**Listed entries:**
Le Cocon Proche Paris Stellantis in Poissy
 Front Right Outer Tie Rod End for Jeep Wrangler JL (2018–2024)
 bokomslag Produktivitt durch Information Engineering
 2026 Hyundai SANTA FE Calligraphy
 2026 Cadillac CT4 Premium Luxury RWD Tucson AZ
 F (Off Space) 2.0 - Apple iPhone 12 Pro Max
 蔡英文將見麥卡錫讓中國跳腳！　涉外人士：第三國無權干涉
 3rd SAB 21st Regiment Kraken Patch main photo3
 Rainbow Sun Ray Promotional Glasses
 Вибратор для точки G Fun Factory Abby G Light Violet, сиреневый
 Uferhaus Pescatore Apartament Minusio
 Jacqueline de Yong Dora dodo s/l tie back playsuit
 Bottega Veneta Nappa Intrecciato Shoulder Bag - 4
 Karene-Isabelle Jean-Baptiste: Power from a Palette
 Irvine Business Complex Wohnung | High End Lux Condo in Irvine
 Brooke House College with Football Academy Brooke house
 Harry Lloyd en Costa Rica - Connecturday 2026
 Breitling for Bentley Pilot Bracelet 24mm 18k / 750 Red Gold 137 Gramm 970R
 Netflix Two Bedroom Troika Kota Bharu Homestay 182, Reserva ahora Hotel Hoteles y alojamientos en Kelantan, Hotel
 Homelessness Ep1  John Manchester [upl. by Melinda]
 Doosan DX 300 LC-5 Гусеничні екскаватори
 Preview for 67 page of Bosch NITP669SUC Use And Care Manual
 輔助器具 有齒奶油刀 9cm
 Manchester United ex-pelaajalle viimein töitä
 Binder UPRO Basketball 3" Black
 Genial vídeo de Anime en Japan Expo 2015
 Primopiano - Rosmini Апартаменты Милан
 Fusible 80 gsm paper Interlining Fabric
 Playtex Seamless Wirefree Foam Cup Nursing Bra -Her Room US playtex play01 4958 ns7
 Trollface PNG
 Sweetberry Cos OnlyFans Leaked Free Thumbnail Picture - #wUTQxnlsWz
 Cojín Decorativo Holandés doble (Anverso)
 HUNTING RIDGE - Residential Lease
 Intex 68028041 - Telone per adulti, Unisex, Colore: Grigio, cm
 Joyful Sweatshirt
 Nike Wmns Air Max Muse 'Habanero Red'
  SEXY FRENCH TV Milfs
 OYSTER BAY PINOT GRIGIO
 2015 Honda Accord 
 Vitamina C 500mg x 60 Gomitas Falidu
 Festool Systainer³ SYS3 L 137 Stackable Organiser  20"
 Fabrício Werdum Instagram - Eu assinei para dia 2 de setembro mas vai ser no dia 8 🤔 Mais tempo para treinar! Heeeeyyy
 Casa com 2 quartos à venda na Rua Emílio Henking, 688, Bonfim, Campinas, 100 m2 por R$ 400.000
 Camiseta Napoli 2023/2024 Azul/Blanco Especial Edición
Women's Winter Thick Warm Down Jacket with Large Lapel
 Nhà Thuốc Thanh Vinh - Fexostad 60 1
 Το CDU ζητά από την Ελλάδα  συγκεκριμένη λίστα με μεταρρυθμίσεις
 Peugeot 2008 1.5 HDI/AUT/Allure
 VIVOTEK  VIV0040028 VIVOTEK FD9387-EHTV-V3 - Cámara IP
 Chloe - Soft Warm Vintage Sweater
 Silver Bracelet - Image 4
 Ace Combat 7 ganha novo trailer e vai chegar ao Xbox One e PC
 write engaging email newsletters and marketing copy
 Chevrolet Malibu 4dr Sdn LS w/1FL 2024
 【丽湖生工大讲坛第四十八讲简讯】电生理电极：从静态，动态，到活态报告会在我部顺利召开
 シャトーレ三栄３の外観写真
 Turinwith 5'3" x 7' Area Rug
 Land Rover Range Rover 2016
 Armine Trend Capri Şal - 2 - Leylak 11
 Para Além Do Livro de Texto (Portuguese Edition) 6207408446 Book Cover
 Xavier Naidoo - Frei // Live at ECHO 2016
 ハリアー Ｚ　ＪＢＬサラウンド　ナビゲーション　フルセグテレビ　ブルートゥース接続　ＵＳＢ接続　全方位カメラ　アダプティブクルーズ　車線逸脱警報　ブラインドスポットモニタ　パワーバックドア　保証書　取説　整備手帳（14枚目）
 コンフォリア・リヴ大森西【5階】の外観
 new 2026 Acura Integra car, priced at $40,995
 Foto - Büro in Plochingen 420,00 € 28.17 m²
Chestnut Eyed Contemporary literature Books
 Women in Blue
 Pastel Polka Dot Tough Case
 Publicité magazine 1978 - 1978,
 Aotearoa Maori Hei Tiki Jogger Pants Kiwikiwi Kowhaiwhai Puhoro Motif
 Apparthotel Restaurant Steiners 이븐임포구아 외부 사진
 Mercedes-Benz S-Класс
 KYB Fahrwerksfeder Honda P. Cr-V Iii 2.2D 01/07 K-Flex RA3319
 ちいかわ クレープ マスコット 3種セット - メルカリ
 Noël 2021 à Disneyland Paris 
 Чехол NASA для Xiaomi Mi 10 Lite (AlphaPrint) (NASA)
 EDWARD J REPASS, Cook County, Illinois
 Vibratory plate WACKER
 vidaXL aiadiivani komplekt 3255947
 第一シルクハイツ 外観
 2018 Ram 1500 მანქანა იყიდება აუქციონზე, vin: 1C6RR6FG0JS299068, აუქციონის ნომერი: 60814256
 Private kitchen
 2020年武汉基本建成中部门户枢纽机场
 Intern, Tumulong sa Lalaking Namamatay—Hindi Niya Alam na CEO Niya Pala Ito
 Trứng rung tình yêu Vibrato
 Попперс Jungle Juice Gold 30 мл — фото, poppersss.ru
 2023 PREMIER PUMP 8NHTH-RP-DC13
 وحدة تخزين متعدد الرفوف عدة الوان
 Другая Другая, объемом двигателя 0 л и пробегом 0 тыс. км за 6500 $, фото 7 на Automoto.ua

**What is expected:** Scan the material above for the string "Honda" and copy every line that has it.

**Solution:**
 2015 Honda Accord 
 KYB Fahrwerksfeder Honda P. Cr-V Iii 2.2D 01/07 K-Flex RA3319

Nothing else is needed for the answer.